One thing that we don’t get enough credit for, probably due to the difficulty involved in understanding it for other generations, is our humour. Millennial humour is peculiar and specific, it varies over many formats and platforms, and adapts to the everyday person’s requirements – and those requirements evolve over time. However, as millennials, we are so used to this mode of humour, it’s easy to forget that it’s a distinct change from previous generations. Gone are the days of clever puns and wordplay, and instead puns are only funny if they’re self-consciously terrible. Our generation is obsessed with irony, indulges in jokes about death and suffering, and flash humour has gone viral.

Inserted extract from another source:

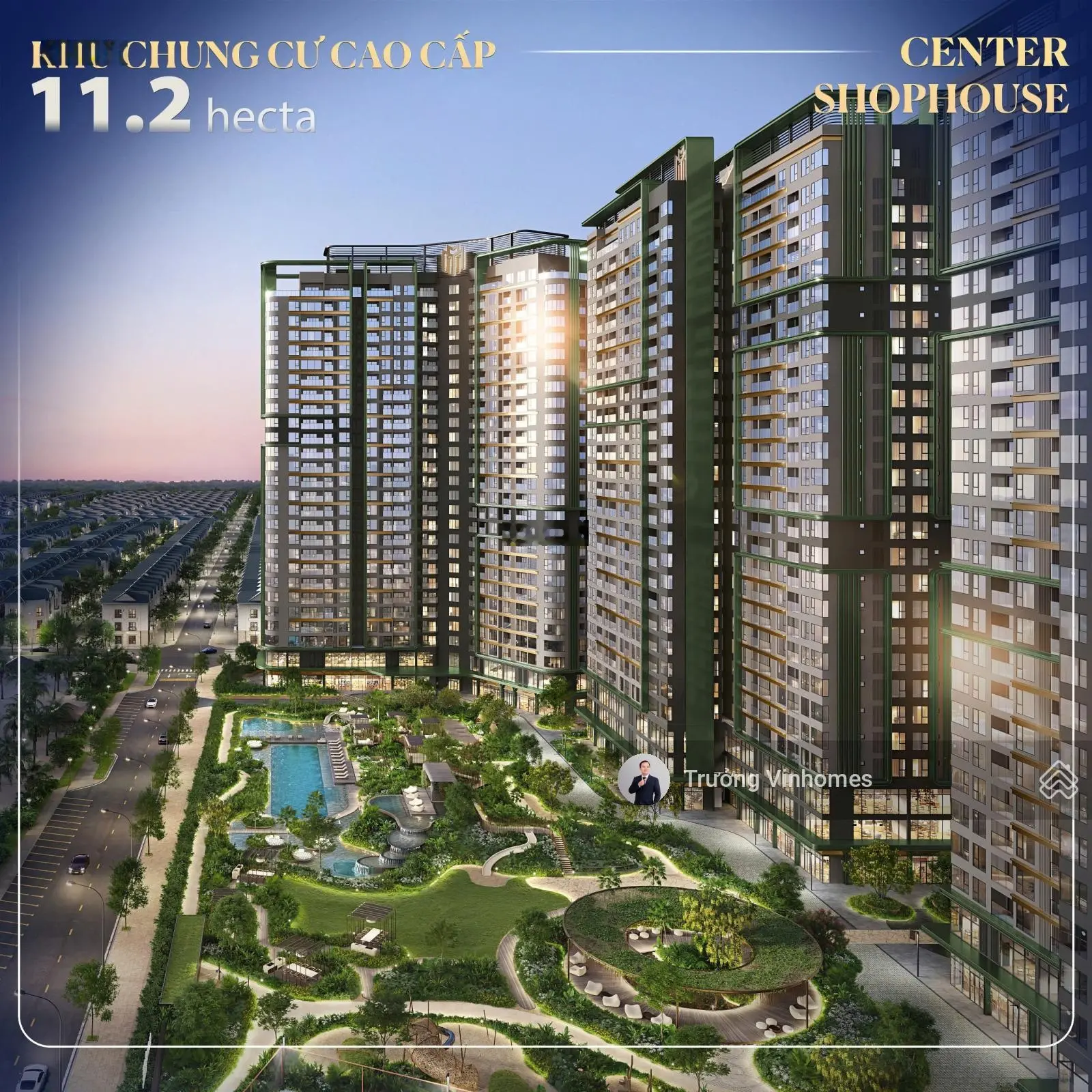 Chính chủ em bán căn liền kề sát Chung cư VT9-56, VT9-58 Vinhomes Ocean Park 3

Our generation is able to sit at computers and adjust memes to express the realities of our everyday situations. We create templates for relatable feelings and content, and transform them into specific content that caters to everyone. The result? There’s a joke for everything, and if there isn’t, you can make one.

“Why are they so obsessed with memes?” ask the confused baby boomers. Our humour often gets lost in translation for them. Is it because the world is a blistering pit of hellfire and we’re all just attempting to resist the temptation to yeet ourselves off this mortal coil? Is it because we’re sarcastic, dead inside, and desensitised to the difficulties of our lives, and thus express suffering in any way we know how? Is it because we learned to do it for the vine, crave validation, and now translate this to Twitter, Boomerangs and Snapchat memes?

Maybe. I’m no expert. All I know is that the ice caps are melting, university is hard, I work a part-time job in hospitality dealing with entitled public servants named Chad, and the only way that I know how to deal with this trash world is to make memes about it.